### What you have to do
Write out every entry below exactly as it appears. Pictures do not belong in the copy.

### Dataset extract

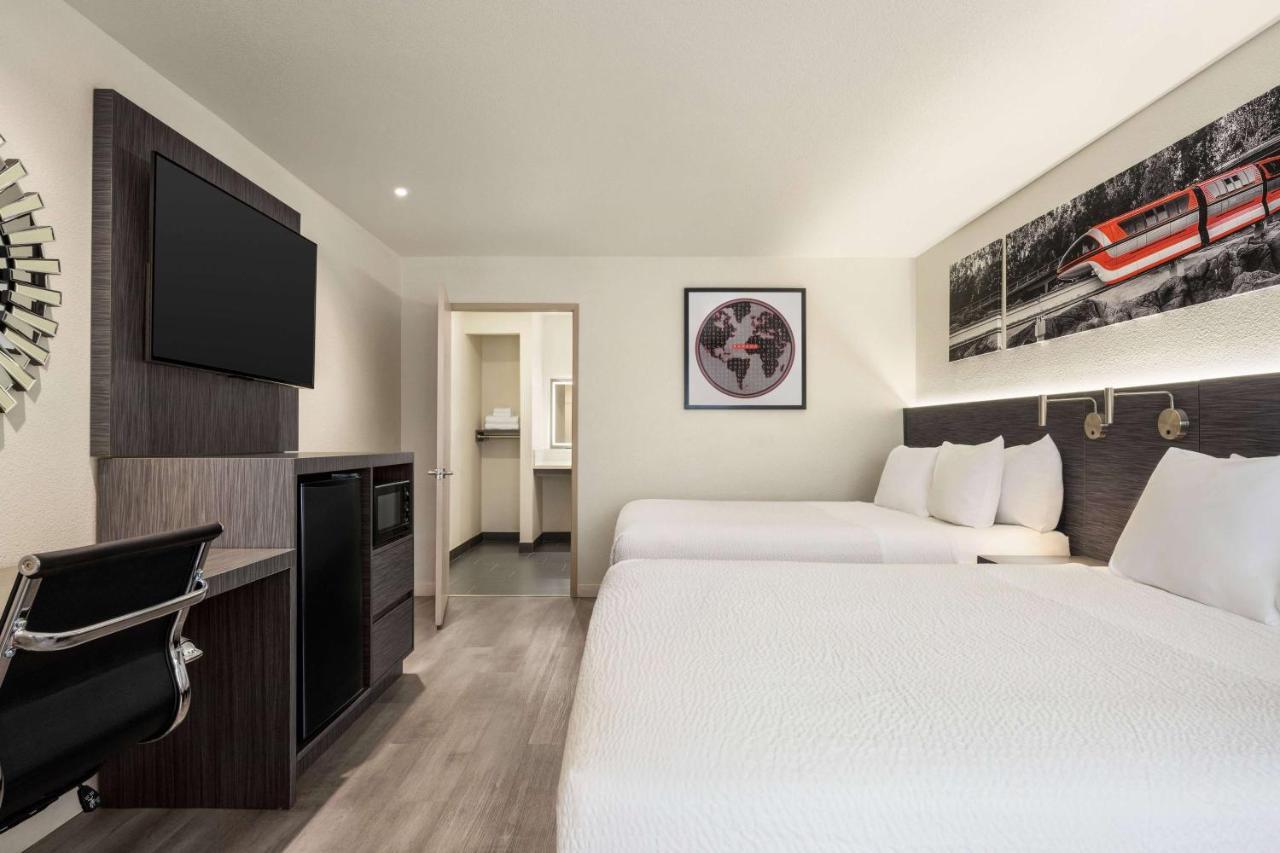 Ramada By Wyndham Anaheim Convention Center Otel Dış mekan fotoğraf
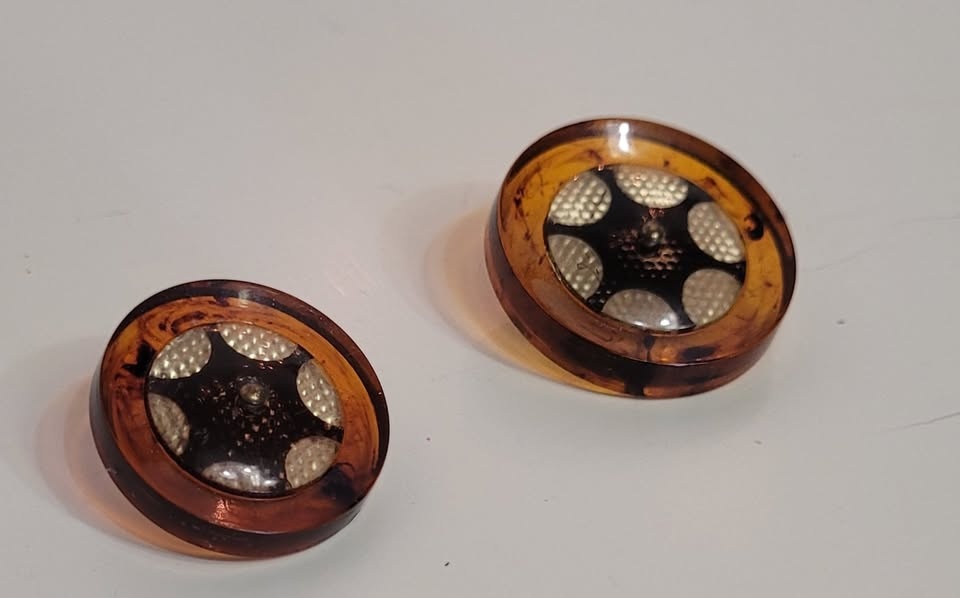 Apple Juice Bakelite Buttons (vintage) - photo 3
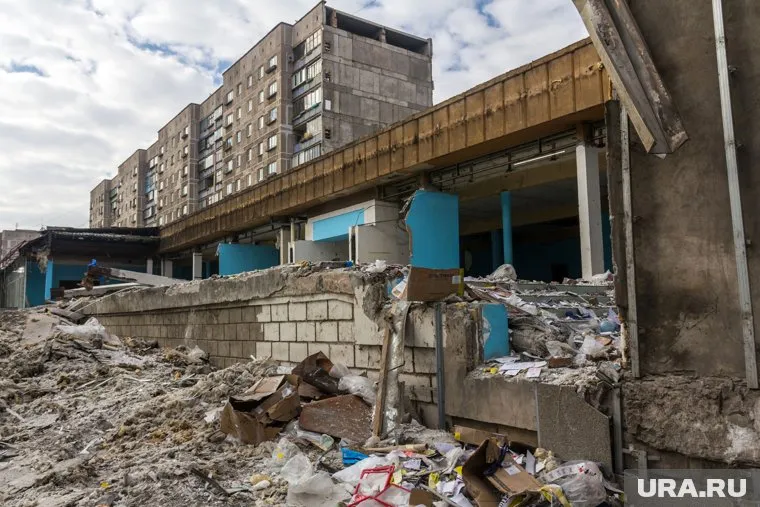 Часть магазина снесли после демонтажа подъездов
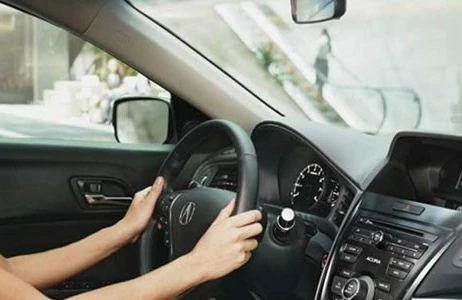 Sürücülük vəsiqəsi almaq istəyənlərin diqqətinə: qaydalar dəyişdi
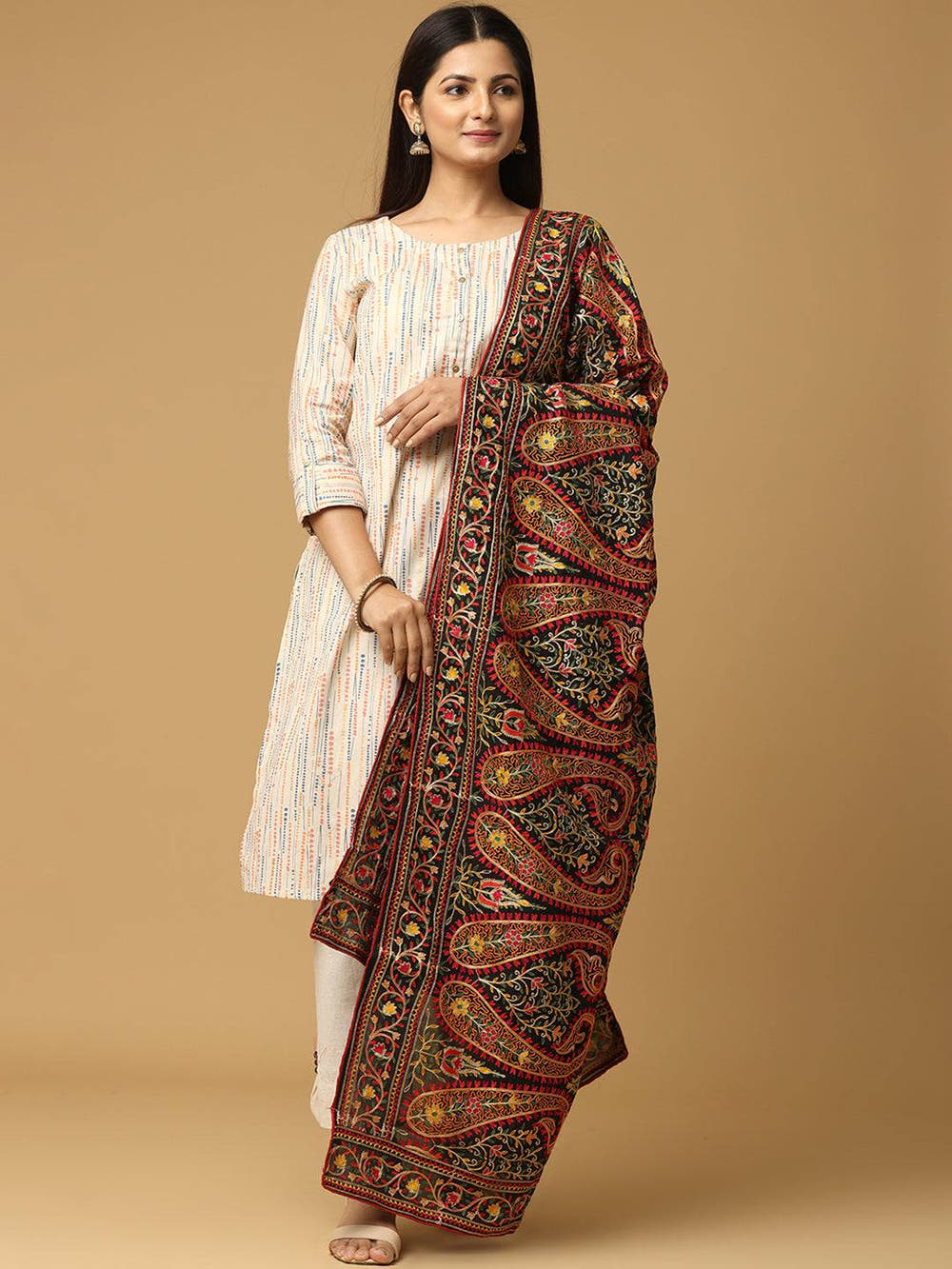 Elegant black dupatta showcasing detailed pashmina embroidery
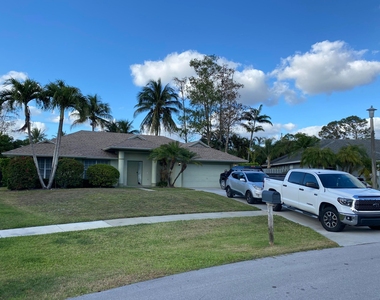 1094 Raintree Lane - Photo Thumbnail 1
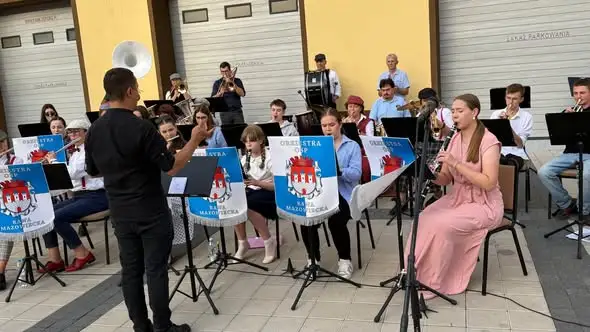 Muzyczne Podwórko w Rawie Mazowieckiej – wieczór pełen brzmień i sąsiedzkiej atmosfery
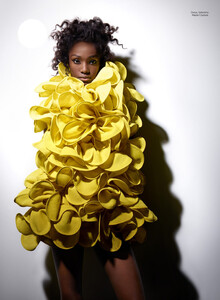 Elle_USA_-_October_202100006.jpg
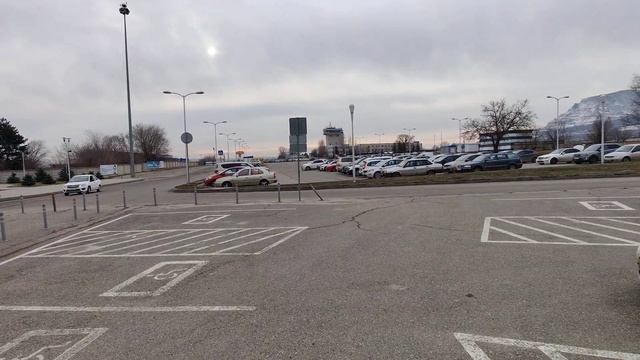 Аэропорт Минеральные воды | Полный обзор с наружи Аэропорта Кавказских Минеральных вод. Март 2021 смотреть онлайн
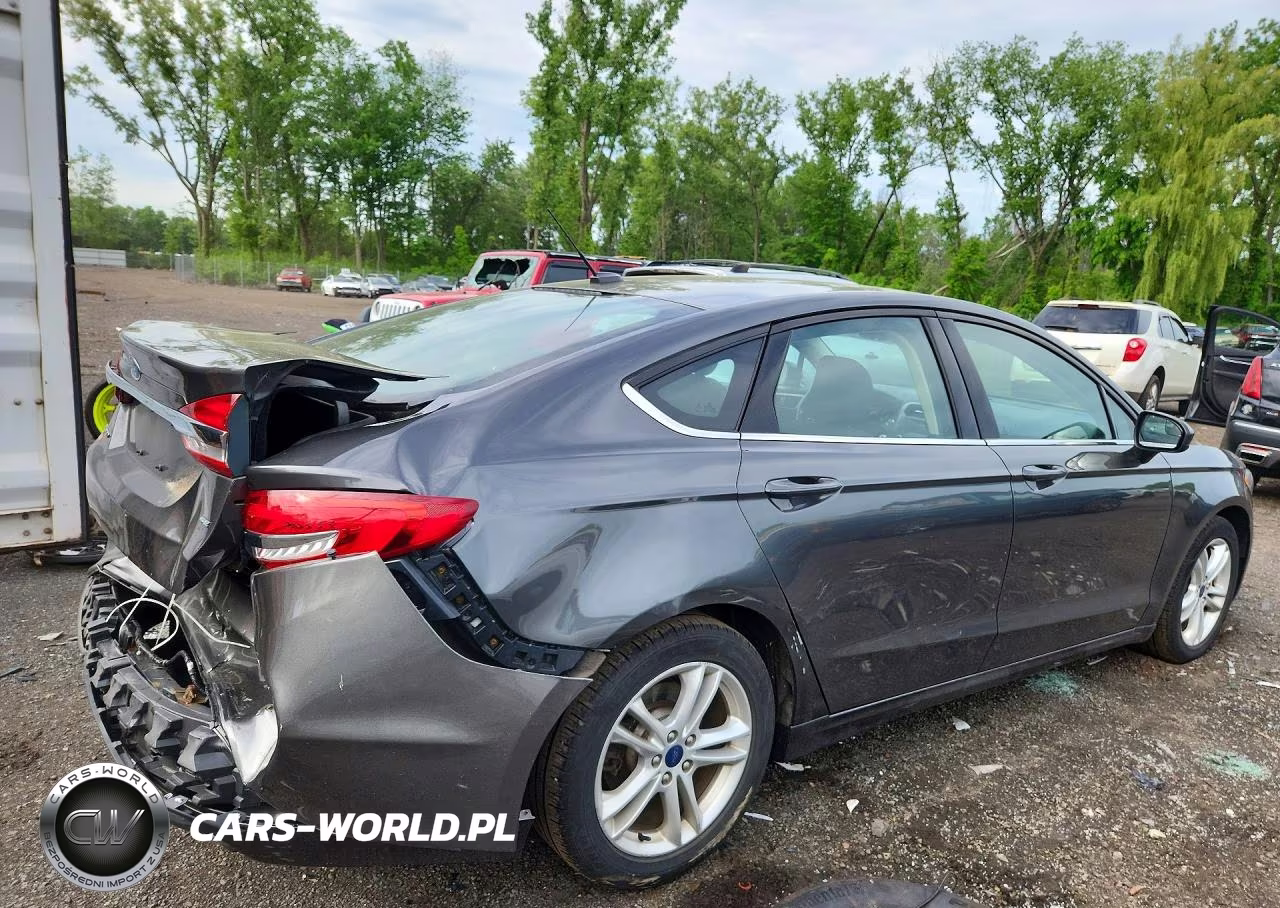 2018 Ford Fusion Se VIN:3FA6P0H76JR270770 - 3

### Task output
 Ramada By Wyndham Anaheim Convention Center Otel Dış mekan fotoğraf
 Apple Juice Bakelite Buttons (vintage) - photo 3
 Часть магазина снесли после демонтажа подъездов
 Sürücülük vəsiqəsi almaq istəyənlərin diqqətinə: qaydalar dəyişdi
 Elegant black dupatta showcasing detailed pashmina embroidery
 1094 Raintree Lane - Photo Thumbnail 1
 Muzyczne Podwórko w Rawie Mazowieckiej – wieczór pełen brzmień i sąsiedzkiej atmosfery
 Elle_USA_-_October_202100006.jpg
 Аэропорт Минеральные воды | Полный обзор с наружи Аэропорта Кавказских Минеральных вод. Март 2021 смотреть онлайн
 2018 Ford Fusion Se VIN:3FA6P0H76JR270770 - 3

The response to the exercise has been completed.